One thing that would have helped your writing on this thread: a lot more question marks. It's OK not to understand something! Asking questions helps everybody.

jeffffff · on April 3, 2022

at no point in the blog post or this thread has anyone actually explained what their super special use case is that makes doing what almost everyone else does a bad choice and this replicated sqlite thing a good choice. it's pretty clear you're an investor in this company or have some other vested interest in shilling for them, good luck with that.

hokus_p2 · on April 2, 2022

>> it seems like they are successful in spite of these decisions, not because of these decisions

That is my conclusion, too.

mrkurt · on April 2, 2022

The thing about startup decisions is: most of them are "wrong". Or they start right and become wrong later. Successful startups aren't successful in spite of their wrong decisions, they're successful because they can change them very quickly (then write a blog post about it and get more customers).

There's also a strong correlation between people who look at things from weird angles and also build good products. Why are you surprised the people who invented an entirely new way of doing VPNs also don't cargo cult database storages?

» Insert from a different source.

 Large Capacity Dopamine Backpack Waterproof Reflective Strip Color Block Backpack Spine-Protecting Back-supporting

jeffffff · on April 2, 2022

it's not cargo culting if it works, and they even say in the article that mysql or postgres would've worked

maybe next they will stop cargo culting operating systems and switch to SerenityOS?

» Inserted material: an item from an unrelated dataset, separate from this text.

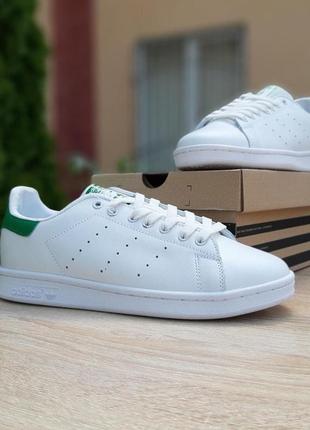 Женские кроссовки adidas stan smith білі з зеленим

tptacek · on April 2, 2022

They're talking about running many instances of MySQL locally, not hooking all their systems up to RDS.

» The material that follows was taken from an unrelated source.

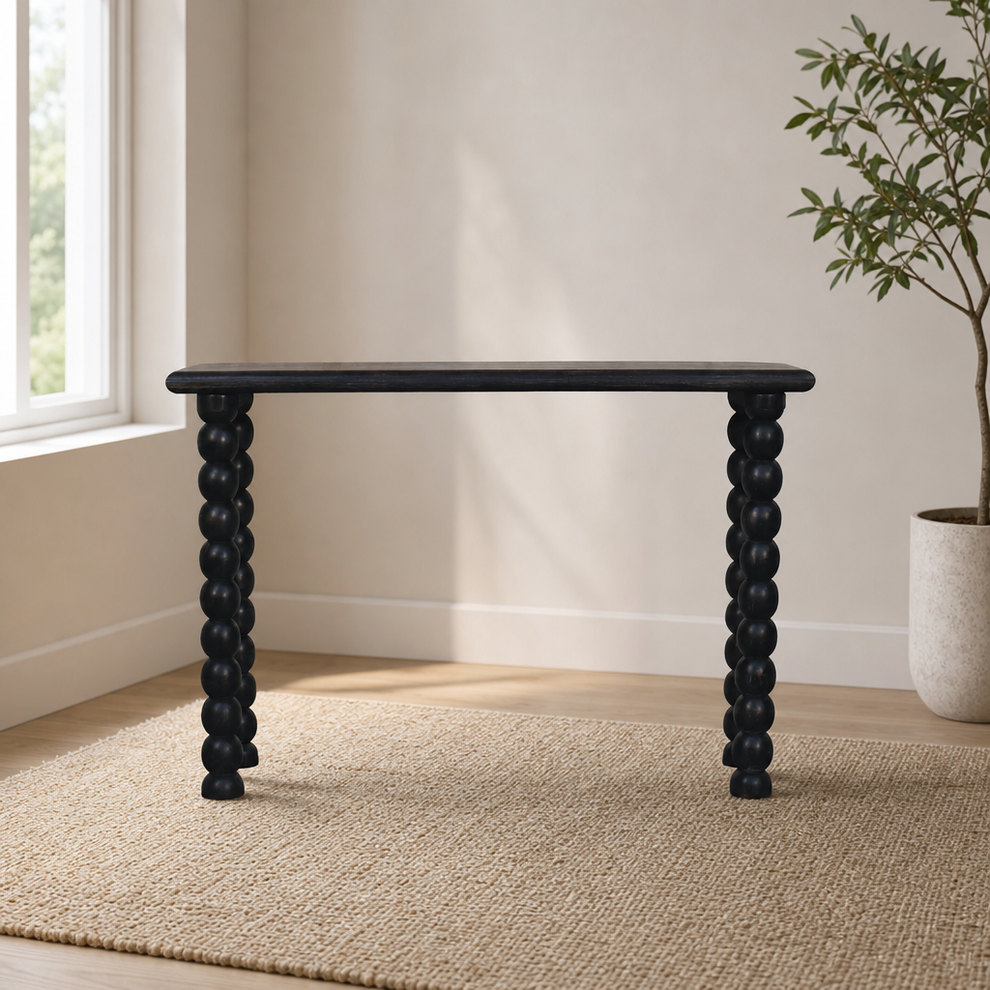 Spindle Linear Console centered in a warm neutral furnished room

jeffffff · on April 3, 2022

no they aren't

Tailscale’s coordination server, our “control plane”, has become known as CONTROL. It’s currently a single Go process on a single VM.

source: https://tailscale.com/blog/an-unlikely-database-migration/

bobnamob · on April 2, 2022

The s3 api is rapidly becoming a distributed storage standard. Building your product around it is hardly lock-in these days.

AWS does offer one (very reliable) implementation but they’re very definitely not a monopoly.

yawaramin · on April 2, 2022

Sounds like you need to do a lot more research before commenting on this? It's pretty easy to find in the Litestream docs that it replicates to S3, Google Cloud Storage, Azure, and other options even including SFTP. In fact by off-loading the storage integration details to Litestream, the Tailscale people now get seamless storage vendor independence almost for free.

This is what a really smart and future-proof solution looks like.

jeffffff · on April 2, 2022

or they could have used mysql or postgres hosted by aws, gcp, azure, etc? i would put money on this not being the last time they change databases

tptacek · on April 2, 2022

Again: this is an infrastructure component, running on many machines internally. It's not a Rails app. We use SQLite in very similar circumstances across hundreds of machines. Having all those machines schlepping all their reads back to RDS would not only be untenably slow, but it would also make the whole system less stable. I don't think you've really thought through the design at all, and you should before making comments like these.

I'd put money on this not being the last database change too! But not for the same reasons you would.

mwcampbell · on April 3, 2022

Unless I'm misunderstanding something, it seems to me that Tailscale's controller, discussed in the previous blog post [1], is like a typical CRUD API server, currently only running on one machine (they're not using Litestream's work-in-progress live read replicas), not something widely distributed like Fly's service discovery infrastructure.

I'm not joining the "just use RDS" crowd, but it looks to me like using a managed DB service like RDS would have been a reasonable decision for this application.

[1]: https://tailscale.com/blog/an-unlikely-database-migration/

yawaramin · on April 2, 2022

I'll take that money quite easily ;-)

IshKebab · on April 2, 2022

They're not questionable because they didn't work, they're questionable because they were so difficult to run that they had to migrate twice.

You could absolutely run a web site using Brainfuck without any failures or any customers realising it. Doesn't mean it's not a questionable decision!